# Best pH for Reds



## Tnuscan (Feb 6, 2017)

What Reds do you make, and @ what acid level, pH and/or TA, are you aiming for when making them?


----------



## Ajmassa (Feb 7, 2017)

Hopefully this thread will teach me a thing or 2. California cab sav, Sangiovese, Pinot Noir, Alicante/Muscat blends ...
TA around .60% - .80%
pH 3.4-3.8
These were approximately the accepted ranges that I found when researching from multiple sources.


----------



## Johnd (Feb 7, 2017)

Ajmassa5983 said:


> TA around .60% - .80%
> pH 3.4-3.8
> These were approximately the accepted ranges that I found when researching from multiple sources.



I'm typically shooting for TA .6-.75, with pH of 3.5-3.7, but it also depends on how the wine is tasting. Don't mind going a little lower on the pH if needed, it helps with color stability and sulfite effectivenesss.


----------



## Ajmassa (Feb 7, 2017)

Right. I'm under the impression these are the "gold standard" ranges to work within. And depending on different variables (tart, sharpness, balance, etc...) tweak as needed. 
Troubleshooting has been more beneficial than research personally. 
Currently dealing with .95% TA with a 3.5 pH


----------



## Julie (Feb 7, 2017)

I shoot for ph 3.4 to 3.7 and adjust acid by taste. I do longer test for acid.


----------



## Johnd (Feb 7, 2017)

Ajmassa5983 said:


> Right. I'm under the impression these are the "gold standard" ranges to work within. And depending on different variables (tart, sharpness, balance, etc...) tweak as needed.
> Troubleshooting has been more beneficial than research personally.
> Currently dealing with .95% TA with a 3.5 pH



What kind of wine is it that you are dealing with?


----------



## Tnuscan (Feb 7, 2017)

Julie said:


> I shoot for ph 3.4 to 3.7 and adjust acid by taste. I do longer test for acid.



Hi! After you get them where you like the results do you ever retest to see where they are sitting?


----------



## Ajmassa (Feb 7, 2017)

It's a Muscat/Alicante blend from sept 15'. It was discussed here when it developed bacteria and I needed some direction with moving forward.


----------



## Tnuscan (Feb 7, 2017)

@Ajmassa5983 MoreWine has a product called Reduless you may wish to check into. There is another one that was mentioned in another post that may be worth checking into I 'll try to search my notes nd see if I can find it. 
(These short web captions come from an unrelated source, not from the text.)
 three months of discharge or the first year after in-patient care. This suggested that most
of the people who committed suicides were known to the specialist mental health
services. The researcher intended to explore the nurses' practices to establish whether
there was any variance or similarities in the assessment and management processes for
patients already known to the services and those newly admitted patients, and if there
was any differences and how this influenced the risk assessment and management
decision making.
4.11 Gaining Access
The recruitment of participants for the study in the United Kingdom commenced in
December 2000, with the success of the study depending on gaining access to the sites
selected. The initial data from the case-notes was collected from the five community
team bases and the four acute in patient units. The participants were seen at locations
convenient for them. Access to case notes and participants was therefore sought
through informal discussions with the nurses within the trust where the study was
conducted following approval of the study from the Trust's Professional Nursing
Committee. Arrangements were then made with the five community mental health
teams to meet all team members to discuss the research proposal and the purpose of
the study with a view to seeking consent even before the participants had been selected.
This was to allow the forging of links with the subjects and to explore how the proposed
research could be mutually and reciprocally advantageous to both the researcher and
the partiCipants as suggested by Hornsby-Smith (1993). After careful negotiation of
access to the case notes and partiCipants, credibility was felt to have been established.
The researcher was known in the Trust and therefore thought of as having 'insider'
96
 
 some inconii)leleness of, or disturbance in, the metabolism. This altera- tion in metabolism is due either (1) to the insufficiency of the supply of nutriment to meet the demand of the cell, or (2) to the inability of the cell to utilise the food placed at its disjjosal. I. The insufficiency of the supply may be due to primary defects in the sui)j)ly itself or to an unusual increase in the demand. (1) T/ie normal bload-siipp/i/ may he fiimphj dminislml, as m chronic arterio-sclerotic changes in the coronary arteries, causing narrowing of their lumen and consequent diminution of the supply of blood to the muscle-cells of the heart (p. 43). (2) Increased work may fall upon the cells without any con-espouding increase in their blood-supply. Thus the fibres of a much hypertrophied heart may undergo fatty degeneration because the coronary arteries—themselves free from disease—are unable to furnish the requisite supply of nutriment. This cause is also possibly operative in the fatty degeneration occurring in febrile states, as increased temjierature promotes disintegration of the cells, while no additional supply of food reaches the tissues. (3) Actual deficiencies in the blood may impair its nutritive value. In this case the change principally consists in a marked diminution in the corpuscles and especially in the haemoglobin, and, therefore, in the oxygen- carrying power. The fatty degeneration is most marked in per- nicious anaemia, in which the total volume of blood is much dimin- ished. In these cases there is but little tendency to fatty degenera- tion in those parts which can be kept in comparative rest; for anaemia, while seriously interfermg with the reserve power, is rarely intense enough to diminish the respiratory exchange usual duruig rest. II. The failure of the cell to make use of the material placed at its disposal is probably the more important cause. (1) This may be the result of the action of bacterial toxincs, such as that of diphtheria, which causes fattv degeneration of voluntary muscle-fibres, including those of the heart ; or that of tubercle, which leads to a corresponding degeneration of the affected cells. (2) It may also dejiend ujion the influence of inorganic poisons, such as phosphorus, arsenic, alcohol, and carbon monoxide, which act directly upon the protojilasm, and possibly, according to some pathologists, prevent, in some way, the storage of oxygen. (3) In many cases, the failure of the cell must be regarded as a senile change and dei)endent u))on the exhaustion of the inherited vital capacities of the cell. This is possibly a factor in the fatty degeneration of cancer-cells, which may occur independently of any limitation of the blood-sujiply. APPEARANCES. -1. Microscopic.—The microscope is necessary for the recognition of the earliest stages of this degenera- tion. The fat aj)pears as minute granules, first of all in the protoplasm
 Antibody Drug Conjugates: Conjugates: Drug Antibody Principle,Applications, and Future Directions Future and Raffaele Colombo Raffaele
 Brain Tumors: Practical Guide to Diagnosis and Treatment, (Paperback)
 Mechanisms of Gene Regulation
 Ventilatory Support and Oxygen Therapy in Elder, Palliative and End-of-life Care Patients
https://morewinemaking.com/category/additives.html

Here is information:

http://www.grapestompers.com/articles/hydrogen_sulfide.htm

http://www.fruit.cornell.edu/shared/pdfs/SulfurOffOdor.pdf


----------



## Julie (Feb 7, 2017)

Tnuscan said:


> Hi! After you get them where you like the results do you ever retest to see where they are sitting?



Yes, I always do final testing after I am done playing


----------



## Ajmassa (Feb 7, 2017)

Thanks for the info. I will have to read those articles intently later on tonight. Was the other one Noblesse? Which was suggested by Julie, I think, in that other post. Sh also supplied a great article explaining everything one would need to know about Noblesse. 
So I don't completely hijack this thread I'm gonna bring it back around. 2 weeks ago it was put on oak , k-meta added and 1st shot of sorbate. Planned on sitting maybe 2 months before checking and then potential additives. 
Would I benefit from checking TA during this sitting with the hopes it may drop in time? Or would my TA ONLY go down if direct deacidification steps with agents (potassium bicarbonate, potassium carbonate, calcium carbonate, potassium hydrogen carbonate) were taken ??


----------



## Ajmassa (Feb 7, 2017)

Found a great article on high acid maintenance from Washington State University. 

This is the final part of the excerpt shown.